Hoy contamos con un mundo de información al alcance de nuestras manos; en la época de nuestros padres y abuelos, tener acceso a la educación era un privilegio.
Día atrás conversaba con Isabel, una mujer de 83 años a quien le duele no haber aprendido a leer y escribir. Con un cuerpo marchito por el tiempo, pero con una mente tan clara como el agua de la tinaja que tanto añora, me contó que en la década de los 30 vivían en un ranchito enclavado en medio de la montaña, donde no imaginaban un mundo distinto al de ellos.
Relató que las pocas escuelas estaban vacías porque sus padres, en vez de enviarlos a estudiar, los obligaban a trabajar la tierra.
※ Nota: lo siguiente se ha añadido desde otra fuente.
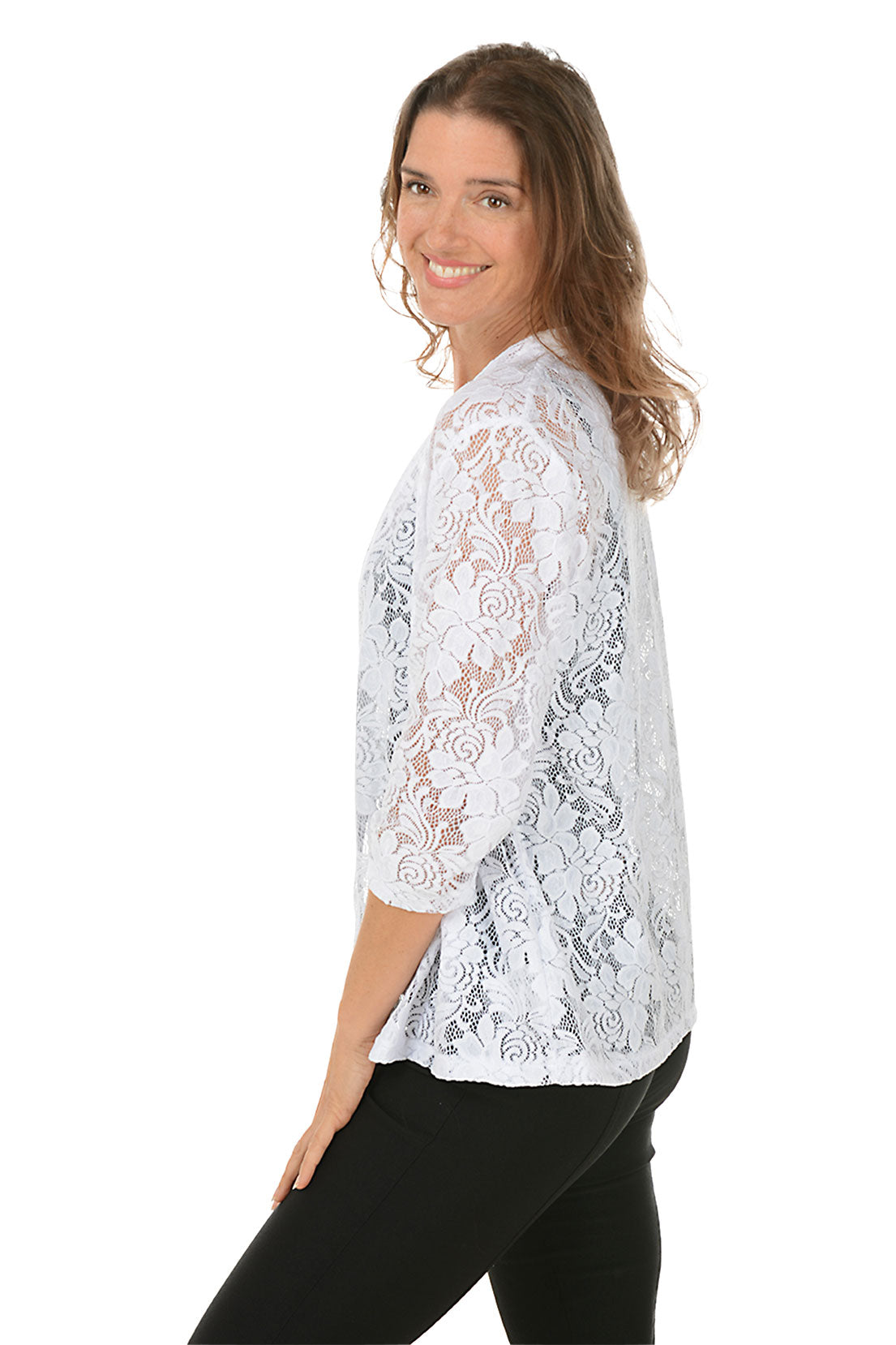 Elegant Floral Lace Open Front Cardigan for Women - Lightweight Summer Cover Up - Perfect for Beach, Wedding & Date Night Outfits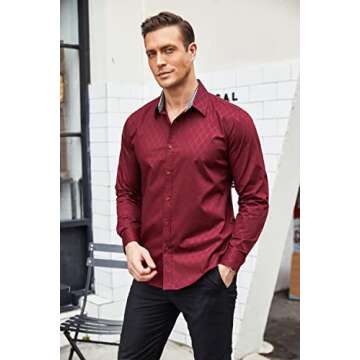 COOFANDY Mens Shirt Business Dress Slim Fit Casual Button Down Wine Red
Emulando entonces la frase de Mahoma: si la montaña no viene a ti..., los maestros iban a las casas a buscarlos, pero cuando su mamá los veían acercarse, corría a esconderlos en el jorón, no sin antes amenazarlos con darles tremenda cuera si abrían la boca.
Con voz temblorosa confesó que muchas veces lloró escondida entre los sacos de arroz y maíz junto a sus hermanitos; era difícil permanecer inmóvil y en silencio cuando abajo los maestros preguntaban si había niños para que fueran a la escuela. Me mordía la lengua para no gritar que sí, que ellos existían, expresó. Como sus nacimientos no eran registrados, era fácil negarlos.
Qué pena por ella, pensé mientras agradecía a mis padres la oportunidad de educarme y a Dios por permitirme educar ahora a mis hijas, porque es la única y mejor herencia que les puedo dejar.